In its 1985 publication, R&D in the Maritime Industry, the Congressional Office of Technology Assessment (OTA) summarized its findings on the state of technology and research in the U. S. maritime industries:
“ . . . the U. S. generally has lagged behind foreign competitors in applying technological advances to much of the U. S.-flag fleet and to the technology of constructing ships. OTA [concludes] that to achieve a competitive position in world shipping and shipbuilding, it is important for the United States to regain technological preeminence in these areas.”

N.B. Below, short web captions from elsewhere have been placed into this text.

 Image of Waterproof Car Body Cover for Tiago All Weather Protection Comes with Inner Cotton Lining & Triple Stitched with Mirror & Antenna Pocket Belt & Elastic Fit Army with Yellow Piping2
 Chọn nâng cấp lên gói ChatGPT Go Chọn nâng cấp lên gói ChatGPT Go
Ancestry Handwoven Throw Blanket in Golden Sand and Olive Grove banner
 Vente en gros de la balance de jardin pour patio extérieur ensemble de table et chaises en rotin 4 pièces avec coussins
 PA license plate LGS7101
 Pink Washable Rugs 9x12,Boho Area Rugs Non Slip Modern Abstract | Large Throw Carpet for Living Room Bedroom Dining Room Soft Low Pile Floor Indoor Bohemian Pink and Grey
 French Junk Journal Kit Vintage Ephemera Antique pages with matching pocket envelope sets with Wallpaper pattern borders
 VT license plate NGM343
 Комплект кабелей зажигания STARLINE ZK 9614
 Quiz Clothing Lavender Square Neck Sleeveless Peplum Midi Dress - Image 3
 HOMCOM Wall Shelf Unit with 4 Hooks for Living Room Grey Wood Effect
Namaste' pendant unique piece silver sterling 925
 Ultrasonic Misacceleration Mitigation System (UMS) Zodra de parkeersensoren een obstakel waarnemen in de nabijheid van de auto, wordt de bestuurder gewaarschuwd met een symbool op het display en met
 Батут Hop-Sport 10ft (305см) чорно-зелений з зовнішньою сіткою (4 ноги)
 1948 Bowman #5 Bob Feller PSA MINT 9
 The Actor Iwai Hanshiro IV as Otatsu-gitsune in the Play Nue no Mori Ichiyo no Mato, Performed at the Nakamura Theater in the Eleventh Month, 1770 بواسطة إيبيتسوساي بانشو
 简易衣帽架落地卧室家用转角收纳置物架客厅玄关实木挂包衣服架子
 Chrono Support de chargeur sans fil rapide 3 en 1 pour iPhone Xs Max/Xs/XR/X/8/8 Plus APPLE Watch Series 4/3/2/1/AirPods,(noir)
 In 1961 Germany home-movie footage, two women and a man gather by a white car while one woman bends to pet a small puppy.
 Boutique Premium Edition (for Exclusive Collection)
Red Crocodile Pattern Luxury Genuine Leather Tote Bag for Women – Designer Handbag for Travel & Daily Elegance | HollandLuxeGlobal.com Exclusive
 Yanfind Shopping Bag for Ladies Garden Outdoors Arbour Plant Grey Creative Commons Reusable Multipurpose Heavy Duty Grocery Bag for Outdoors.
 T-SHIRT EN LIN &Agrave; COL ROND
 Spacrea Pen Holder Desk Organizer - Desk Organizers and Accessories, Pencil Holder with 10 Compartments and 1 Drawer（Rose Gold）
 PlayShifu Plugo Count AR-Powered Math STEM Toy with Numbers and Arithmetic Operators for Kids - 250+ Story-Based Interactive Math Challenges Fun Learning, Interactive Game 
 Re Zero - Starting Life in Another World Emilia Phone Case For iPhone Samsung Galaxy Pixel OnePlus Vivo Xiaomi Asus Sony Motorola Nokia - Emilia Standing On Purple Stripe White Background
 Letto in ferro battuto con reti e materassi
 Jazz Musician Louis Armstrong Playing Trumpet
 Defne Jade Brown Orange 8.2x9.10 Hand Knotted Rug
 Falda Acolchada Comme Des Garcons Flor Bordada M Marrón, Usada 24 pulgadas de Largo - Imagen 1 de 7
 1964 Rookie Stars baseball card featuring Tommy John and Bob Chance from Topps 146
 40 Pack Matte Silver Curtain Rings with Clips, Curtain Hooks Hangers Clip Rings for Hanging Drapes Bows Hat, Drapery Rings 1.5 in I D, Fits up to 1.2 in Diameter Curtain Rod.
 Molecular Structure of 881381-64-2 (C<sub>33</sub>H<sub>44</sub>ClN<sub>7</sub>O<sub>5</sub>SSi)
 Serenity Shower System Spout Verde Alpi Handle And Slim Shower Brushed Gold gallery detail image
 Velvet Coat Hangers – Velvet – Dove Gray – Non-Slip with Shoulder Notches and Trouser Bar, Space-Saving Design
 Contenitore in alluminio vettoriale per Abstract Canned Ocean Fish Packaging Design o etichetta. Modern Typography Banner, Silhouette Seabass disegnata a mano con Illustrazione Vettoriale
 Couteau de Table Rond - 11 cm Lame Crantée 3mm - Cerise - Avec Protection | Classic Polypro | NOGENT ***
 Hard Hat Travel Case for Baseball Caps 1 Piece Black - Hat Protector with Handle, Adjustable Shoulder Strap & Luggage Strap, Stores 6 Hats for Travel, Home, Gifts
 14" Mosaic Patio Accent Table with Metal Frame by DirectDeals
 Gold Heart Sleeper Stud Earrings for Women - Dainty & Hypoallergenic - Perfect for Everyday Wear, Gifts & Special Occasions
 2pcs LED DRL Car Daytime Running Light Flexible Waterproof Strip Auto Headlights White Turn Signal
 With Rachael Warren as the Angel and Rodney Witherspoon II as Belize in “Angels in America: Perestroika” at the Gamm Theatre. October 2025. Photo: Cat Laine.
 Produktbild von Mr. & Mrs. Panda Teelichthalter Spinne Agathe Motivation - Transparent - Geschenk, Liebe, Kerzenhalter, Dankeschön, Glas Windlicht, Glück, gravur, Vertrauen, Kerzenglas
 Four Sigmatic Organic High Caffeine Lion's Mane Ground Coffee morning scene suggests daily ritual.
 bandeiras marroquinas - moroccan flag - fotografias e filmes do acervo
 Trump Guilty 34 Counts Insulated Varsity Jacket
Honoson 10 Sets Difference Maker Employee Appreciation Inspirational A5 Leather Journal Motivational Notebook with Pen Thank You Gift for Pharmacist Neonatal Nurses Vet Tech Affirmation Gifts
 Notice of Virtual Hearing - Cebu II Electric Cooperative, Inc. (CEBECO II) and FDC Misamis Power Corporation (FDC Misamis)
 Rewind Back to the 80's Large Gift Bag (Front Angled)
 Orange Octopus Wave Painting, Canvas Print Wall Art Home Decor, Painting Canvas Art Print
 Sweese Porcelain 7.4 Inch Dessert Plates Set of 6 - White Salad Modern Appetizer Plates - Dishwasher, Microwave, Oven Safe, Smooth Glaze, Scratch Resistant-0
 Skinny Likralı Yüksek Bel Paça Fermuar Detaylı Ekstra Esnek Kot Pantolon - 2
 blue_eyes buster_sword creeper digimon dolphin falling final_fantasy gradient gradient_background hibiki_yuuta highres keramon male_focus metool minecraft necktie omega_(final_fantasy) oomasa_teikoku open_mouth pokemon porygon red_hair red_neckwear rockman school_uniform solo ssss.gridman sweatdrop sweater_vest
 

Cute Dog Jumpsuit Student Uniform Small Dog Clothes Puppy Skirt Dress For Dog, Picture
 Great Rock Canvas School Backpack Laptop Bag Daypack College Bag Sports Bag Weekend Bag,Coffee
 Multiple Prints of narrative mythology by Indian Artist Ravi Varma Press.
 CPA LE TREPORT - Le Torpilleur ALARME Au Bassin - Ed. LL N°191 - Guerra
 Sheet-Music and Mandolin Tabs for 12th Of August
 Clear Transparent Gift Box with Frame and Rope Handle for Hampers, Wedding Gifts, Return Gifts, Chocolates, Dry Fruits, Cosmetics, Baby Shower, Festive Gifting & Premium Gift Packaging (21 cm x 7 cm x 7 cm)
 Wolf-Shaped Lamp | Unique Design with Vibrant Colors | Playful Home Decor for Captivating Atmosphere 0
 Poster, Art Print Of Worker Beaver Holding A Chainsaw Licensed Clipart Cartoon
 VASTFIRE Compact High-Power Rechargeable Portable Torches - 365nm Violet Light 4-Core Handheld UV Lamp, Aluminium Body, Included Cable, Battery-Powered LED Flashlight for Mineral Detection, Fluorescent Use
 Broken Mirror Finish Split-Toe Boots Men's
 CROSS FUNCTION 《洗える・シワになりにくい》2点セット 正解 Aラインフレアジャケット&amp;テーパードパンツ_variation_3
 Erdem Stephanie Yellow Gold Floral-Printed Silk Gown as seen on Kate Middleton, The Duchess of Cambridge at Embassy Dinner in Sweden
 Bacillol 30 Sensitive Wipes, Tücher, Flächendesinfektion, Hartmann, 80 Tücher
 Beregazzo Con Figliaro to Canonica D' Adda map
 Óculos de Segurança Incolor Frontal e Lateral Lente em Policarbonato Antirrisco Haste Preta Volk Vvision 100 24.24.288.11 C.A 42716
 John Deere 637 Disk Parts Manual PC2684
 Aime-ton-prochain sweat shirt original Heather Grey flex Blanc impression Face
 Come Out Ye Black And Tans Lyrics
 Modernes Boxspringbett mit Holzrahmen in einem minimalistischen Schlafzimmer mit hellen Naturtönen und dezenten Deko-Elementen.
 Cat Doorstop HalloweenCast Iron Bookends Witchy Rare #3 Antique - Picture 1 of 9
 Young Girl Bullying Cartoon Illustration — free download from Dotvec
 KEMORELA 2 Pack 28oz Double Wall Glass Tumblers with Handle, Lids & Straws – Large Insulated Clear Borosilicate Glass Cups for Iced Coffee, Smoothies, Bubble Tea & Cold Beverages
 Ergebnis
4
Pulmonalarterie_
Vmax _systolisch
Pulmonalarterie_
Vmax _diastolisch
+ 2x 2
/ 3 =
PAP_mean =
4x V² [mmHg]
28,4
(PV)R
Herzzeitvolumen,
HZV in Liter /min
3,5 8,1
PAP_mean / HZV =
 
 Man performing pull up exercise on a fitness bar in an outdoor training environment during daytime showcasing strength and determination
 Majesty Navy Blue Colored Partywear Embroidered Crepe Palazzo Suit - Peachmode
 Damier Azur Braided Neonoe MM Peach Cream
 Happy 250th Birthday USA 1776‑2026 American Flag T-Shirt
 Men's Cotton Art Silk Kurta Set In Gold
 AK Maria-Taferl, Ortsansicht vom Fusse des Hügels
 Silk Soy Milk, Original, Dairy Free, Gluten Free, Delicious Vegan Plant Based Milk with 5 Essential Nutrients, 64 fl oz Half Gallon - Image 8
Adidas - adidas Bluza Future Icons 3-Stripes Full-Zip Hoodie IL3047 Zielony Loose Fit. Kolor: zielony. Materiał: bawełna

During the three years since that opinion was formulated, what little maritime industries-related research and development that had been under way in this country has all but evaporated. Ship owners, faced with massive worldwide overtonnage, have been loath to invest scarce resources in R&D, preferring to purchase new technology off-the-shelf from abroad whenever urgent competitive grounds have justified the introduction of new ideas. The commercial shipbuilding industry, in far worse economic condition than the ship owners and facing little likelihood of future orders for new construction is in no financial position to risk significant capital on R&D ventures.
The federal government, believing that the private sector should handle maritime R&D, has virtually ceased to back any maritime industry-related effort whatever. (Curiously, however, the government continues to fund significant R&D efforts for other modes of commercial transportation.) The Maritime Administration no longer budgets for research and development and withdrew its support from the highly successful National Shipbuilding Research Program (NSRP) after fiscal year 1986. Even the Navy allocated only $500,000 to the NSRP in fiscal year 1988, despite the program having demonstrated through 1985 savings of at least $75 million on a cumulative investment of less than $7 million.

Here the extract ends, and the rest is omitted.